Vor dem Haus von Fairouz erinnerten Demonstranten Frankreichs Präsidenten daran, was sie von ihm erwarten. «Kein Kabinett mit den Mördern», «Nein zu Adib!» und «Wir wollen Nawaf Salam!» Der 66-jährige Salam ist Richter am Internationalen Gerichtshof in Den Haag, in ihm sieht die Protestbewegung einen möglichen Kandidaten für eine zivil geführte Regierung. Mit der Designation von Adib scheint diese Personalie nun unwahrscheinlich. In einem Interview mit dem Magazin «Politico» sagte Macron auf dem Flug nach Beirut, die Alternative Salam hätte nicht funktioniert, da er nicht genügend parlamentarische Unterstützung bekommen hätte. So soll die mächtige Hizbollah ein Veto gegen Salam eingelegt haben. Es ist vertrackt im Libanon, das weiss Macron. Er sagt deshalb auch: «Es ist eine riskante Wette, die ich mache, ich bin mir dessen bewusst. Ich lege das Einzige auf den Tisch, was ich habe: mein politisches Kapital.»
Besuch in einem Zedernwald
Für Macron bedeutet sein Engagement im Libanon auch die Möglichkeit, das weltpolitische Gewicht Frankreichs zu betonen. «Wir müssen weiterhin versuchen, die gesamte internationale Gemeinschaft zu mobilisieren», sagte Macron. Er erklärte sich bereit, in Paris im Oktober eine weitere Konferenz zu organisieren, auf der finanzielle und logistische Hilfe für den Libanon koordiniert werden soll. Das offensive Engagement des französischen Präsidenten läuft dabei stets Gefahr, als paternalistische Geste der früheren Kolonialmacht gesehen zu werden, der ibanon wurde 1920 unter französischem Mandat gegründet. An diesem 1. September jährt sich die Entstehung des damals Grosslibanon getauften Staates zum hundertsten Mal. Macron beging dieses Jubiläum mit einem Besuch in einem Zedernwald, dessen Schutz Frankreich mitfinanziert. Statt eine Rede zu halten, beschränkte er sich darauf, einen Baum zu pflanzen. Die Libanesen seien für die Franzosen «wie Brüder» hatte Macron zuvor auf Twitter geschrieben, auch auf Arabisch. Eine Formulierung, welche die Gleichberechtigung der beiden Länder betonen soll. Die klaren Ansagen an die Politik kombiniert Frankreichs Präsident mit Zuneigungsbekundungen an Land und Bevölkerung.

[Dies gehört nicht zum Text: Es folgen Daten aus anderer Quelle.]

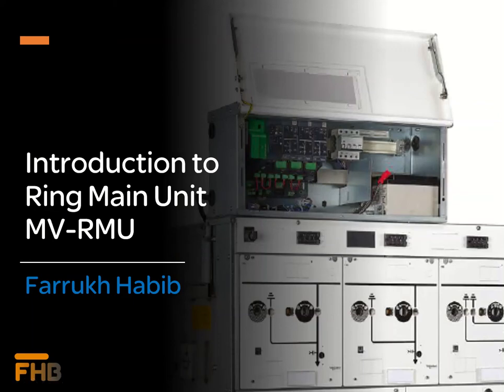Hello viewers, welcome back. In today's video, we will discuss about the gas-insulated and air-insulated medium voltage ring main units, commonly known as the RMU. RMUs are the metal-enclosed switchgears which are used for medium voltage secondary distribution in power systems. Today, we will try to develop the understanding about the RMU design.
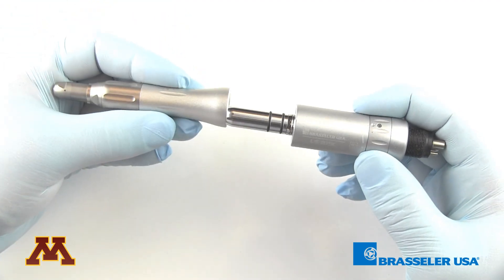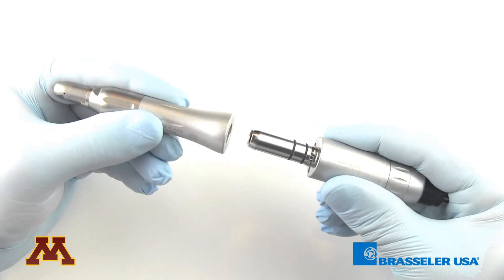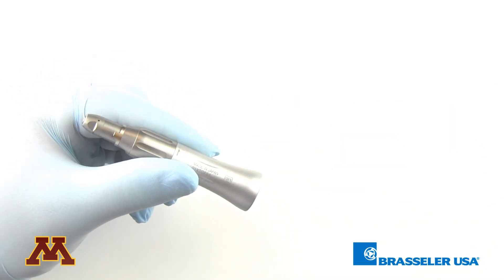The various attachments snap on with a quick, easy connection. In order to remove them, all you do is pull and the attachment comes off.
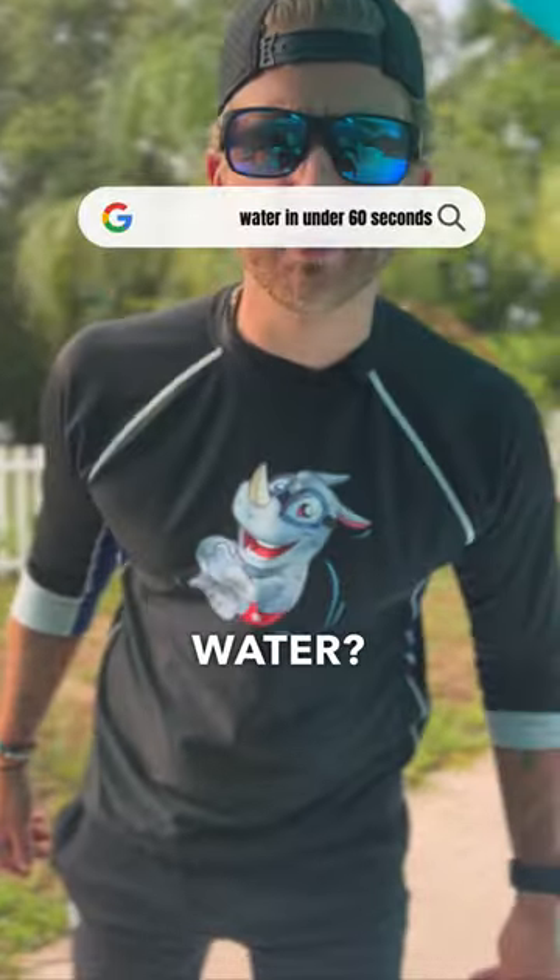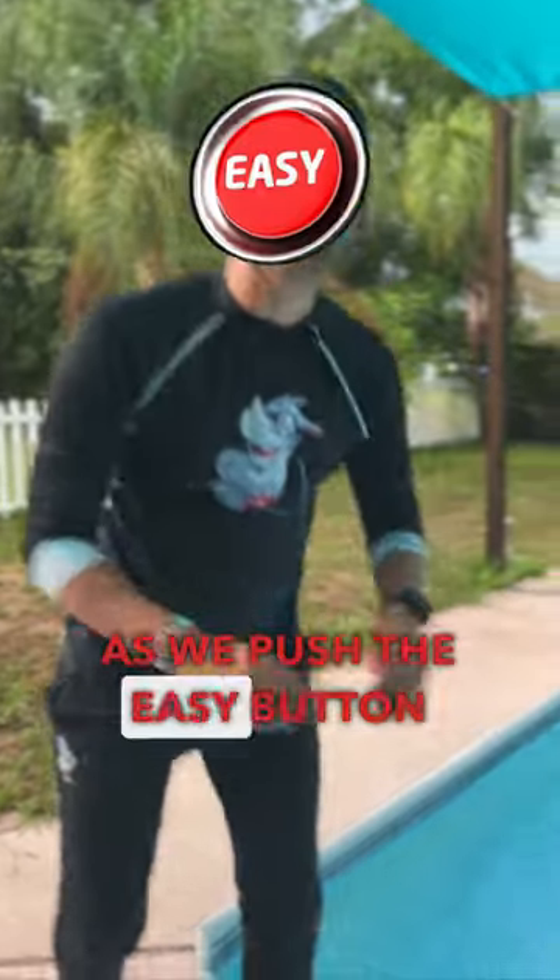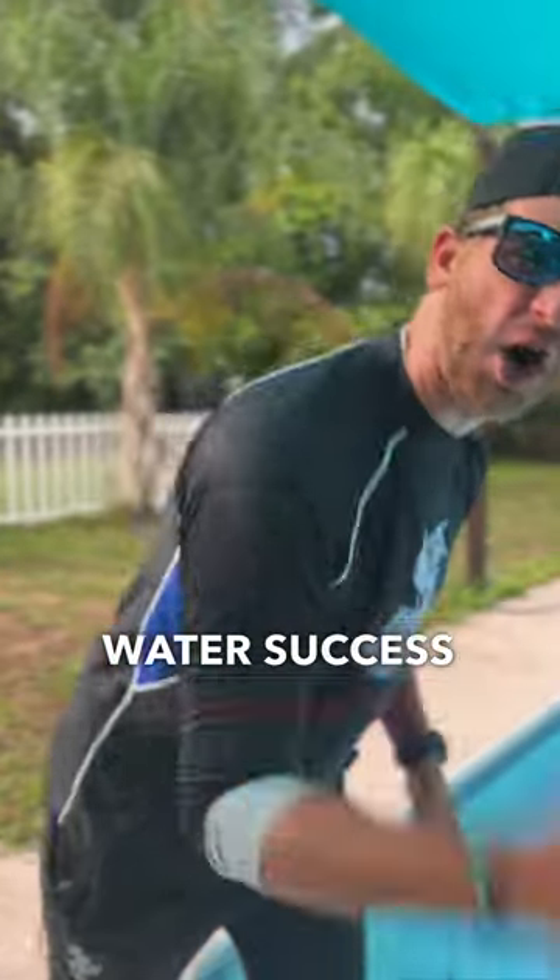Are you tired of sucking at treading water? Then join me as we push the easy button to treading water success in under 60 seconds.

Hausaufgaben für Libanesen
Ganz so demütig trat der französische Präsident dann aber nicht auf. Für den späten Dienstagnachmittag war ein Treffen mit den wichtigsten politischen Führern des Landes geplant, das zweite innerhalb weniger Wochen. Im Vorfeld sollten diese ihre Ansichten zur Entwicklung des politischen Systems darlegen, schriftlich, wohlgemerkt. Der libanesisch-britische Architekt und Satiriker Karl Sharro twitterte dazu, Macron gebe den libanesischen Politikern zwischen seinen Besuchen «Hausaufgaben». Das sei «rührend». Macron würde das wohl anders formulieren. Er bringt seinen politisch-diplomatischen Balanceakt im Libanon auf folgende Formel: «Fordern, ohne Einfluss zu nehmen.» Ein Konzept mit eingebautem Widerspruch. Schliesslich hat Macron der libanesischen Politik einen Fahrplan vorgelegt, der unter anderem Neuwahlen innerhalb der kommenden sechs bis zwölf Monate möglich machen soll.